Le niveau de base nécessite une grille de scoring trimestrielle croisant 6 variables : ancienneté, écart salarial avec le marché, évolution de la performance, absentéisme, participation aux formations, feedback manager. Chaque variable reçoit un score de 0 à 3 (total sur 18). Le seuil d’alerte est à 8, une action immédiate à plus de 10.
Une fiduciaire lausannoise de 85 personnes (salaire moyen 92’000 CHF, turnover 13 %) identifie 14 salariés en zone critique (score > 10).
Elle investit 180’000 CHF pour retenir ses talents : augmentations salariales, formations certifiantes, projets motivants, réorganisations d’équipe.
Résultat : 10 des 14 collaborateurs à risque sont restés.
Calculer le ROI formation démontre la contribution directe aux résultats et à la rétention.
Les CFO voient souvent la formation comme un coût. En Suisse, avec un âge moyen de 42,3 ans et un taux d’activité des 55-64 ans de 77,8 %, la formation maintient l’employabilité face à l’obsolescence des compétences.
Calculer le ROI formation consiste à comparer les salariés formés et non formés. Plusieurs données sont possibles : erreurs, turnover, satisfaction client.
Trois principes fiabilisent le KPI : fixer les objectifs avant la formation, mesurer l’évolution avant et après, et suivre sur une durée suffisante de 6 à 12 mois.
Les entreprises avec une culture de formation forte réduisent leur turnover de 31 %, selon une étude Deloitte.

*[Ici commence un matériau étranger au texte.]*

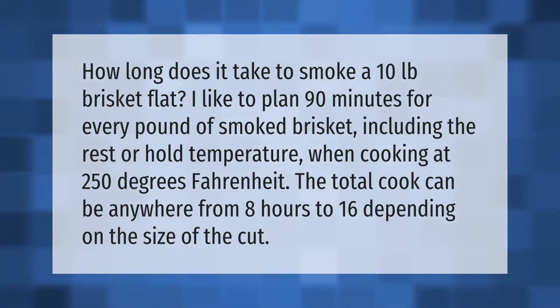I like to plan 90 minutes for every pound of smoked brisket, including the rest or hold temperature, when cooking at 250 degrees Fahrenheit. The total cook can be anywhere from 8 hours to 16 depending on the size of the cut.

Dans le secteur e-commerce, un onboarding réussi réduit de 30 à 40 % le temps nécessaire pour atteindre 100 % de productivité.

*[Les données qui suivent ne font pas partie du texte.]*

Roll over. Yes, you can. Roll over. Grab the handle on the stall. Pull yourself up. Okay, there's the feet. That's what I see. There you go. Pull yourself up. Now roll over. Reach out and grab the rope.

Prenons l’exemple d’une entreprise pharmaceutique bâloise : un technicien atteint 100 % de productivité en 70 jours en 2025, contre 110 jours en 2023. Sur 12 recrutements par an, le gain est de 180’000 CHF pour un investissement de 35’000 CHF.
Piloter l’absentéisme pour identifier les coûts cachés et mettre en place la prévention.
Le maintien du salaire ne représente qu’un tiers du coût de l’absentéisme. Les deux autres tiers sont le remplacement temporaire et la perte de productivité. En Suisse, le taux d’absentéisme est de 5 % accidents inclus. Pour une PME de 150 personnes avec un salaire moyen de 80’000 CHF, 5 % d’absentéisme représente 1’950 jours d’absence, soit un total de 1’563’900 CHF.
Gartner identifie la solitude comme un risque business critique. Deloitte révèle que 46 % de la génération Z et 39 % des millennials sont en état de stress constant. Ces signaux faibles peuvent être détectés avec des enquêtes rapides ou des analyses de patterns.
Une entreprise romande fait face à un taux d’absentéisme de 7,2 %. Elle met en place des enquêtes anonymes et mensuelles à 5 questions sur la charge de travail perçue, le stress, la qualité du sommeil, les douleurs physiques et le sentiment d’épuisement.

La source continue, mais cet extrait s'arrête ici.